If you already know what is an Object Storage, you will probably find more information on each cloud provider documentation. But what if you don’t know at all. I’m writing this blog post because a friend without cloud knowledge was trying to understand what is Object Storage.
He is an Oracle DBA and came to this page about Oracle Cloud Object Storage:
Overview of Object Storage
Oracle Cloud Infrastructure offers two distinct storage class tiers to address the need for both performant, frequently accessed “hot” storage, and less frequently accessed “cold” storage. Storage tiers help you maximize performance where appropriate and minimize costs where possible.
Use Object Storage for data to which you need fast, immediate, and frequent access. Data accessibility and performance justifies a higher price to store data in the Object Storage tier.
And you know what a DBA thinks where he reads “performant, frequently accessed hot storage”, and “fast, immediate, and frequent access”? This is for a database. In the whole page, there are some use case described. But no mention of “read” and “write”. No mention of “random” or “sequential” access. Nothing that explicitly tells you that the Object Store is not where you want to put your database datafiles. It mentions some use-cases that seem very related with databases (Big Data Support, Backup, Repository, Large Datasets,…) and it mentions features that are very related to databases (consistency, durability, metadata, encryption).
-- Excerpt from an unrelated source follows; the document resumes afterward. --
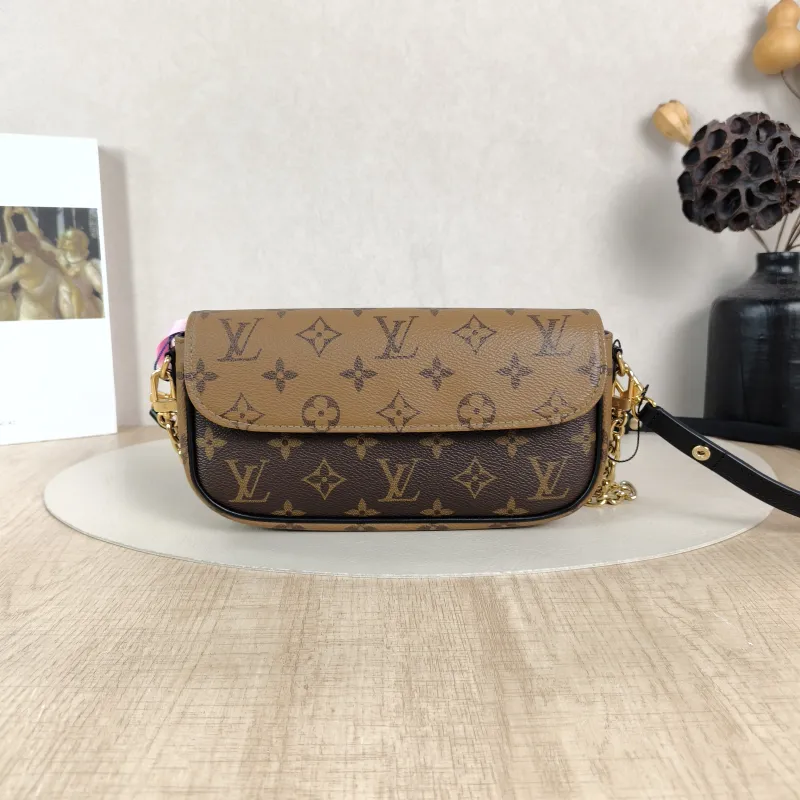 Louis Vuitton Crossbody Bag IVY Monogram PVC Small23.5 × 4.3 × 12 cm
Basically, if you already know what it is, you have a nice description. But if you are new to the cloud and try to match this service with something you know, then you are completely misled. Especially if you didn’t read about Block Storage before.
Are all cloud providers doing the same mistake? Here is AWS definition:
Cloud object storage makes it possible to store practically limitless amounts of data in its native format
The Amazon Simple Storage Service (Amazon S3) has also no mention of read/write workloads and random/sequential access. The features are Durability, Availability, & Scalability. Nothing is telling you that it is not designed for database files.
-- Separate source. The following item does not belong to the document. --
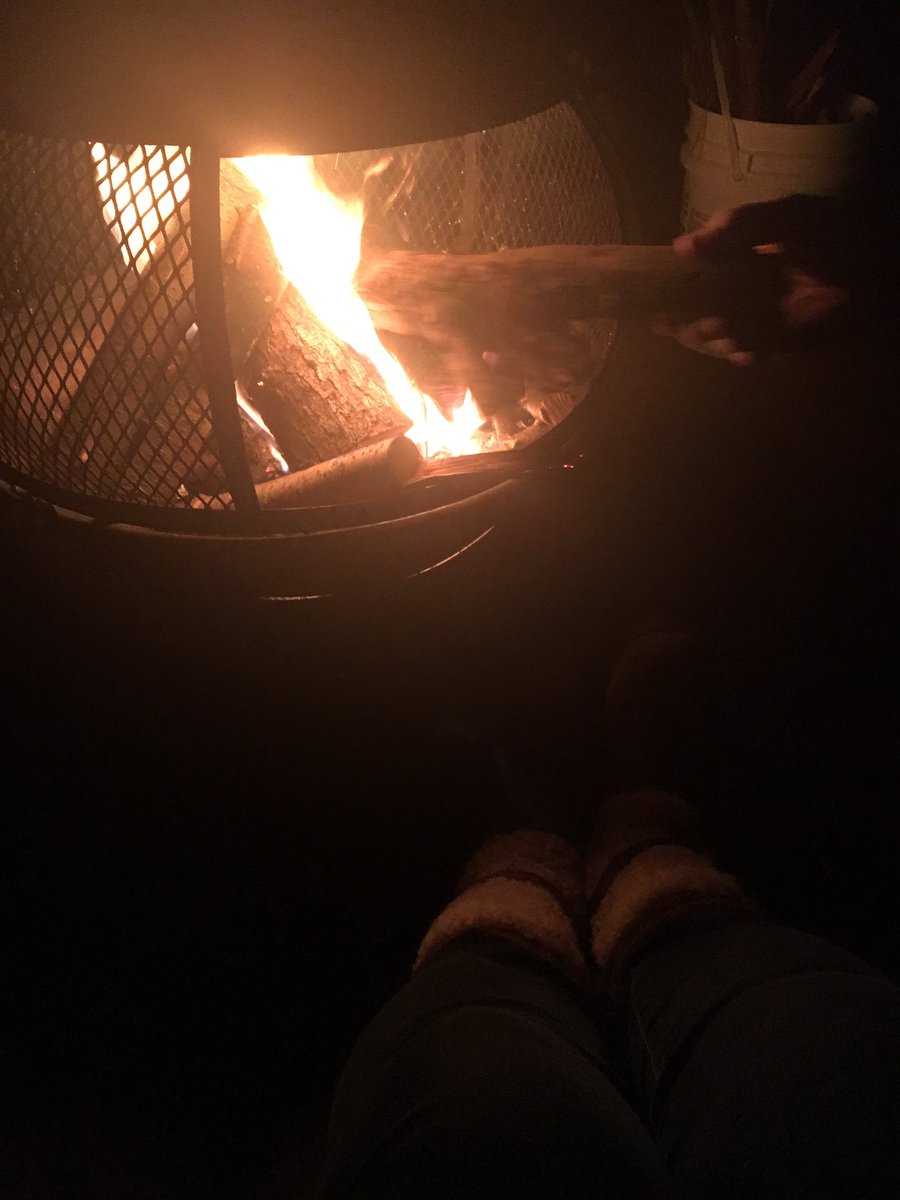marshakellum's tweet photo. #ClassicCountrySaturdayNightWNGC #MyRedneckManGetsMe https://t.co/n8wy9rAgIs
Google Cloud may be more clear:
Object storage for companies of all sizes. Store any amount of data. Retrieve it as often as you’d like. Good for “hot” data that’s accessed frequently, including websites, streaming videos, and mobile apps.
The “Store” and “Retreive as often” gives the idea of write once and read many, as a whole. This is not for databases. But again “accessed frequently” should mention “read” workload.
Microsoft is known to listen and talk to their users. Look at Azure name and definition for this:
Blob storage: Massively scalable and secure object storage for cloud-native workloads, archives, data lakes, high-performance computing, and machine learning
Yes, that rings a bell or two for a database person. BLOB is exactly what we use in databases to store what a cloud practitioner stores in an Object Storage. Here is the “O” for “Object”, the same as in “Binary Large Object”. You do not store database files in an Object Storage. Databases need block volumes and you have block storage services. You don’t store a hierarchy of folders and files in an Object Storage. File servers need protocols providing shared access and a structure of filesystem trees. You store everything else in an Object Storage. Think of it like writing to tape but reading like if the tape was transformed to SSD. In this store you put files and can get them efficiently. I’m talking about “store”, “put” and “get” like in a document database. But documents can be terabytes. And you can read those files with a database, as if it were a BLOB, like Oracle Autonomous Datawarehouse reading ORC, Parquet, or Avro. Or Amazon Athena running SQL queries on S3 files.
I hope what is an Object Storage is more clear for you, especially if you are in databases. And also remember that what is easy to google for you may be impossible to find for someone else. You need concepts and Cloud Practitioner certifications are really good for that.